The alabaster framework and related Bioconductor package alabaster.base implements methods to save a variety of R/Bioconductor objects to on-disk representations based on standard file formats like HDF5 and JSON. This ensures that Bioconductor objects can be easily read from other languages like Python and Javascript. With AlabasterParam, MsStash provides a parameter class to configure saving MS data objects in the alabaster storage format.
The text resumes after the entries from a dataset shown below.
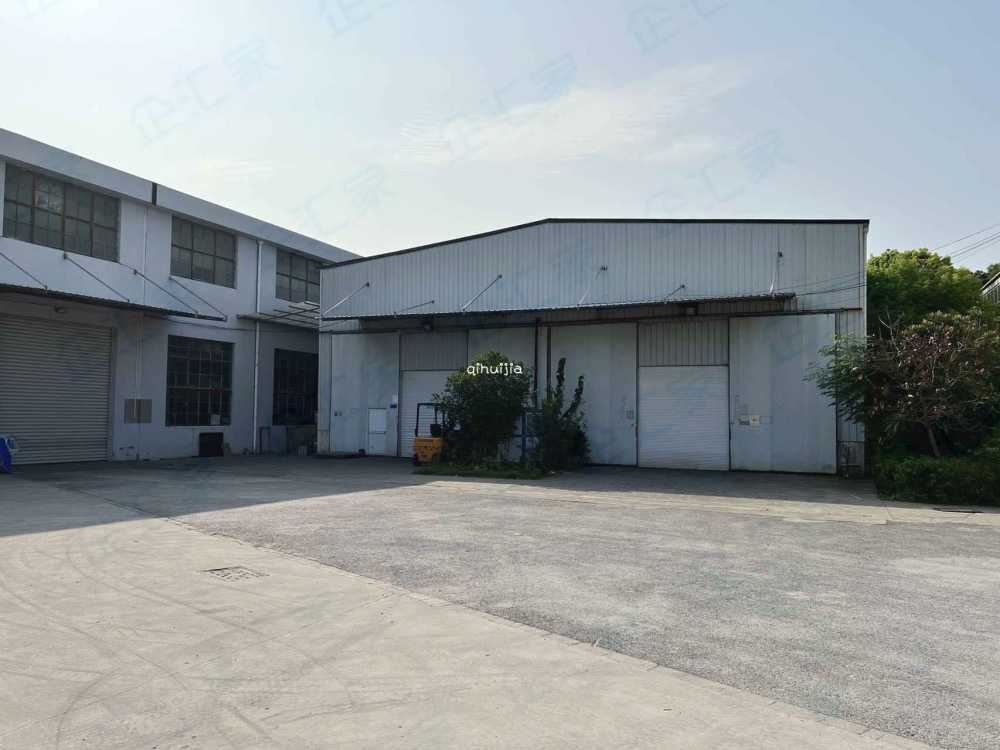 门口双向四车道,超大场地,有恒温库
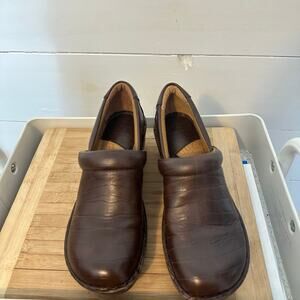 B.O.C Leather clogs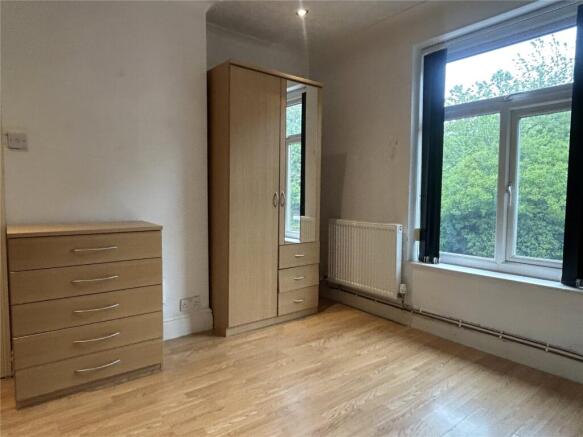 4 bed Terraced for sale Image 10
To enable writing in this format a saveMsObject() method should be implemented for the MS data object and AlabasterParam. To enable full alabaster support it is also suggested to implement the alabaster.base::saveObject method, a validation method and a function to read from an alabaster format. For more details refer also to the package vignette of the alabaster.base package, in particular chapter 5 Extending to new classes.

We below define a saveObject() method. The generic for this method is defined in the alabaster.base package. While it would be possible to simply save the data as simple text files as we did above, we use alabaster’s strategy to allow storage of more complex objects (such as S4 objects in the individual slots). This uses altSaveObject() and altReadObject() to save individual slots or parent/child classes in sub-directories of path. For each of these classes, a saveObject() needs to be defined.

library(alabaster.base)

setMethod("saveObject", "MySpectrum", function(x, path, ...) {
    ## Create the directory where to save the data
    dir.create(path = path, recursive = TRUE, showWarnings = FALSE)
    ## Create an "object" file; this defines the type of object stored in path
    saveObjectFile(path, "my_spectrum")
    ## save each slot into it's own directory
    altSaveObject(x@mz, path = file.path(path, "mz"))
    altSaveObject(x@intensity, path = file.path(path, "intensity"))
    altSaveObject(x@rtime, path = file.path(path, "retention_time"))
    altSaveObject(x@msl, path = file.path(path, "ms_level"))
})

We next need to implement a validation function for the stash (directory). For our example we simply check that the path contains the expected sub-directories with the object’s content. This function needs then to be registered with the registerValidateObjectFunction() method for our class.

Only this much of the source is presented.